Avec la Tournée, les habitants d’un quartier parisien peuvent se faire livrer leurs courses par des livreurs piétons. En phase expérimentale depuis près de deux ans, il pourrait s’élargir au reste de la capitale.


Jusqu’au début de l’été 2013, ils étaient cinq livreurs poussant leur charriot de chaque côté de la rue de Belleville. Avez-vous un colis pour moi ?, leur demandait-on comme au facteur naguère. Aujourd’hui la Tournée n’emploie plus qu’un seul livreur, Arnaud. Et demain ? Né il y a près de deux ans, le service encore en phase expérimentale, est dans l’expectative. S’il séduit riverains et commerçants, il retient aussi beaucoup l’attention de la mairie de Paris. On saura en fin d’année si ce service d’utilité publique se généralisera à l’ensemble de la capitale.

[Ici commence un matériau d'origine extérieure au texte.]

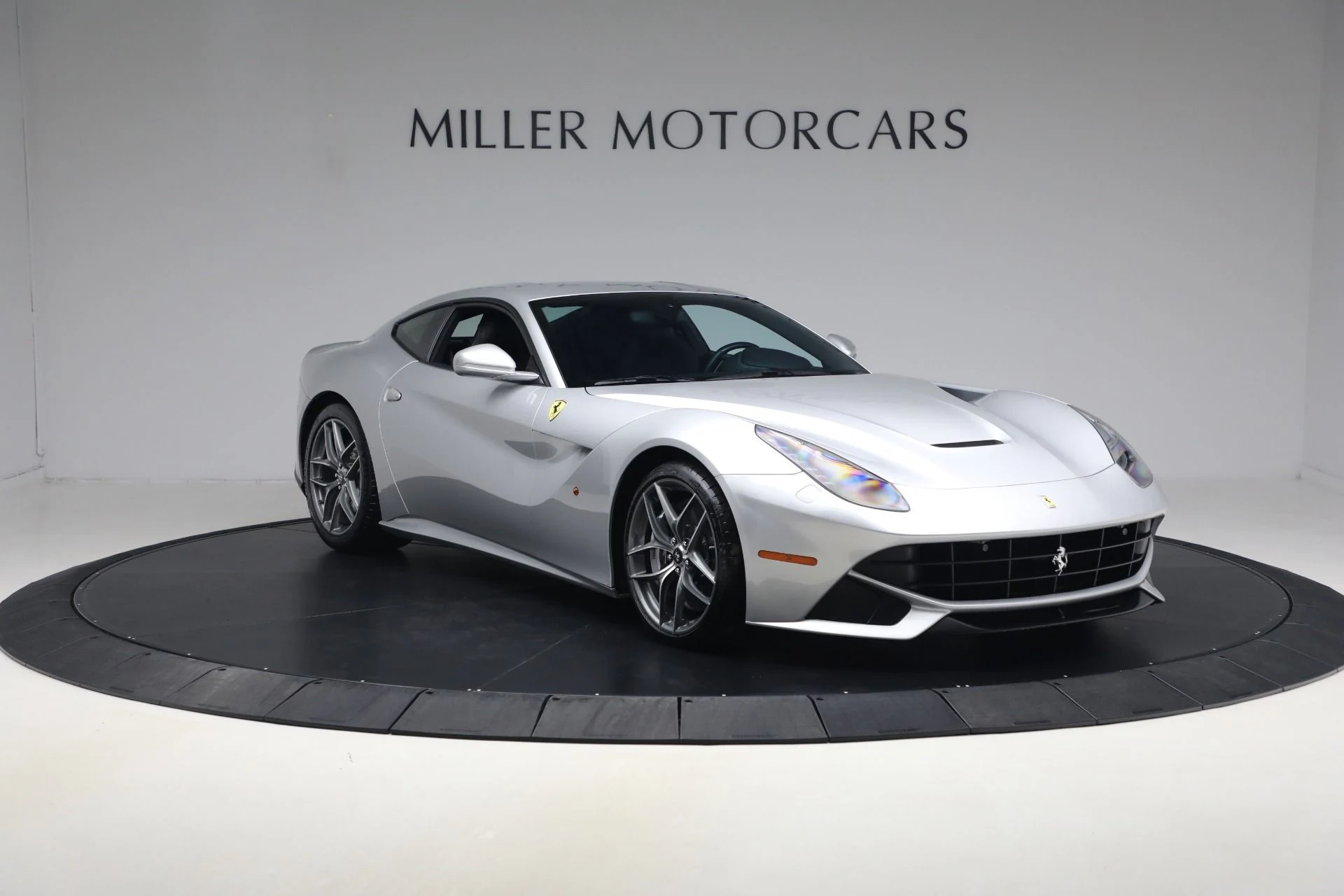mph010_2619551636_Used_2014_Ferrari_F12berlinetta_1789580731_3b2214f263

Le principe de la Tournée est simple et se déroule en trois temps : d’abord le client téléphone à un commerçant adhérent pour lui passer commande. Ensuite, dans le secteur qui lui est attribué, le livreur visite chaque boutique et retire les commandes.
Le client, lui, n’habite pas forcément dans la zone couverte par le livreur. Ce dernier, une fois qu’il a récupéré ses colis, les répartit avec ses autres collègues à un point donné. Chacun part enfin livrer dans sa propre zone.

Du lundi au samedi inclus, six heures par jour, le matin de 9h30 à midi et le soir de 18h à 21h, le livreur suit un parcours organisé méthodiquement.
L’application mobile qui lui permet de retirer les commandes et de les tracer a été mis au point par Atos. Cette importante firme spécialisée en informatique est aussi l’une des sociétés contributrices de l’Alud (Association pour une logistique urbaine durable) – qui pilote ce projet. La Tournée, dont le budget atteindrait les 700 000 euros (selon le site Paroles d’élus), a été imaginée par des entrepreneurs expérimentés, insiste Carole Cuillier, sa directrice.

Un peu plus de 700 clients ont eu recours au moins une fois à la Tournée depuis son lancement : personnes âgées, malades qui ne peuvent sortir de chez eux, employés qui doivent déjeuner sur leur lieu de travail, mères ou pères célibataires qui rentrent tard, on trouve tous les profils.

« Je connais bien les commerçants de mon quartier et je voulais un service qui me permette d’avoir des fruits et des légumes frais pour mes enfants dans la semaine alors que je n’ai pas le temps d’aller faire des courses, même rapides, lorsque je rentre du bureau », témoigne une mère de famille sur le site de la Tournée.

En cas d’absence, il arrive que le livreur dépose la veste qui sort de chez le teinturier ou les articles de bureau chez le voisin prévenu. Cela crée de la convivialité et donne à ce coin de Belleville l’identité d’un village branché sur les nouvelles technologies.

Pendant la période expérimentale – jusqu’en juin 2013 – cinq jeunes du quartier (quatre temps-pleins et un mi-temps) ont été recrutés en CDI via l’antenne locale de Pôle emploi. Pour Carole Cuillier c’est une première marche. L’idée c’est qu’ils puissent acquérir des compétences afin d’aller vers d’autres entreprises. Mounir, un des livreurs, remplace un livreur qui a été embauché par la Poste.

Utile, éco-responsable et créatrice de lien social, cette astucieuse mutualisation des livraisons est née en Inde il y a plus d’un siècle. Aujourd’hui, à Bombay, près de 300 000 clients reçoivent leurs courses chez eux apportées par environ 5000 livreurs que l’on nomme les dabbawallahs. En deux heures, ils peuvent passer un colis d’une extrémité à l’autre de cette mégapole.

Le pâtisser Laurent Demoncy, également président de Belleville village, l’association des commerçants du Hameau de Belleville, est l’un des dix-sept adhérents pionniers de la Tournée (ils sont maintenant plus de soixante). Il se souvient de la réaction des autres commerçants quand il a commencé à expérimenter ce système : Certains me prenaient pour un farfelu ! À deux euros la livraison, ils ne comprenaient pas comment ça pouvait marcher.

Pourtant ça marche : les clients sont contents et les commerçants s’aperçoivent qu’un client qui commande par téléphone n’est pas forcément perdu. Il n’est pas possible de livrer à ce tarif, sauf en mutualisant. Ça permet de faire de toutes petites livraisons et ça ne concurrence personne puisque ça n’existait pas.